| Exercise goal |
From the entries below, extract every line that includes the word "para".

| Given information |
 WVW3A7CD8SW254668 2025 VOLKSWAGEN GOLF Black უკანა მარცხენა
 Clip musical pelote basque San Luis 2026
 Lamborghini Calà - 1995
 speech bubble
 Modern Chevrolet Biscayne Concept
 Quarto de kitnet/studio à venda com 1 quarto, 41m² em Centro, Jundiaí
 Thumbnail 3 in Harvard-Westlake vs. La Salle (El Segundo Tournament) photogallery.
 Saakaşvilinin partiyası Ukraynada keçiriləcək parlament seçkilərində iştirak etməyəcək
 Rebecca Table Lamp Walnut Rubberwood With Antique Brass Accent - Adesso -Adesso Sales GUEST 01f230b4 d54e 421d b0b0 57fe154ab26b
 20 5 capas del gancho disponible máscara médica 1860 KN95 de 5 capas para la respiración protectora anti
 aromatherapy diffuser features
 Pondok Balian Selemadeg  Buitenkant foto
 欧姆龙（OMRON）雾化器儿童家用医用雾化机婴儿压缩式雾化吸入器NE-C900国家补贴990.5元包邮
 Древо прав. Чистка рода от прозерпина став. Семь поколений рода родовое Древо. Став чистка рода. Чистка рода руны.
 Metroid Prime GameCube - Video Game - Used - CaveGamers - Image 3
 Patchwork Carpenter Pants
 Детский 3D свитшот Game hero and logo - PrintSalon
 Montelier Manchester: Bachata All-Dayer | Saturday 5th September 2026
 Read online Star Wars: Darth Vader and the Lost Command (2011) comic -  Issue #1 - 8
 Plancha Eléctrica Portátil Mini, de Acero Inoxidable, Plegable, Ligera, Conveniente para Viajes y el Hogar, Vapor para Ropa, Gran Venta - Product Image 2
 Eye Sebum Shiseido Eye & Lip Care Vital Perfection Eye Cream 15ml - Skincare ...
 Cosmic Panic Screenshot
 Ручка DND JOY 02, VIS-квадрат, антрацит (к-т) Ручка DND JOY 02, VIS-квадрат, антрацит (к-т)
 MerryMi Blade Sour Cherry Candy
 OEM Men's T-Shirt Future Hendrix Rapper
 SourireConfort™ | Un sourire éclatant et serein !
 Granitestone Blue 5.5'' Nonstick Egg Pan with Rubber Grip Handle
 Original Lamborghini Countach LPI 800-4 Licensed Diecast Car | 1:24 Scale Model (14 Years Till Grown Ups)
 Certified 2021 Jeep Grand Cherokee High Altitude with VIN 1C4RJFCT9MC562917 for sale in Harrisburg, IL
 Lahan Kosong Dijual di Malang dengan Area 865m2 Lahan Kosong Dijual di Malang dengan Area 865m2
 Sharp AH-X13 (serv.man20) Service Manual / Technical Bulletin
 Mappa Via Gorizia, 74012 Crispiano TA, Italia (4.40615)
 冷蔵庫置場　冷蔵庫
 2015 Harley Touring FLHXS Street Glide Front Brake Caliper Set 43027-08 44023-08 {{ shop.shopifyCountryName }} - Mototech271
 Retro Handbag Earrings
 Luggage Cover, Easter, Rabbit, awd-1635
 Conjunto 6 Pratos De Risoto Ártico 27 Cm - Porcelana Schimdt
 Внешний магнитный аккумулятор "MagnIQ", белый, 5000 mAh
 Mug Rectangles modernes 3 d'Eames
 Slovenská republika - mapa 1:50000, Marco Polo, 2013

| Answer to this exercise |
 20 5 capas del gancho disponible máscara médica 1860 KN95 de 5 capas para la respiración protectora anti
 Plancha Eléctrica Portátil Mini, de Acero Inoxidable, Plegable, Ligera, Conveniente para Viajes y el Hogar, Vapor para Ropa, Gran Venta - Product Image 2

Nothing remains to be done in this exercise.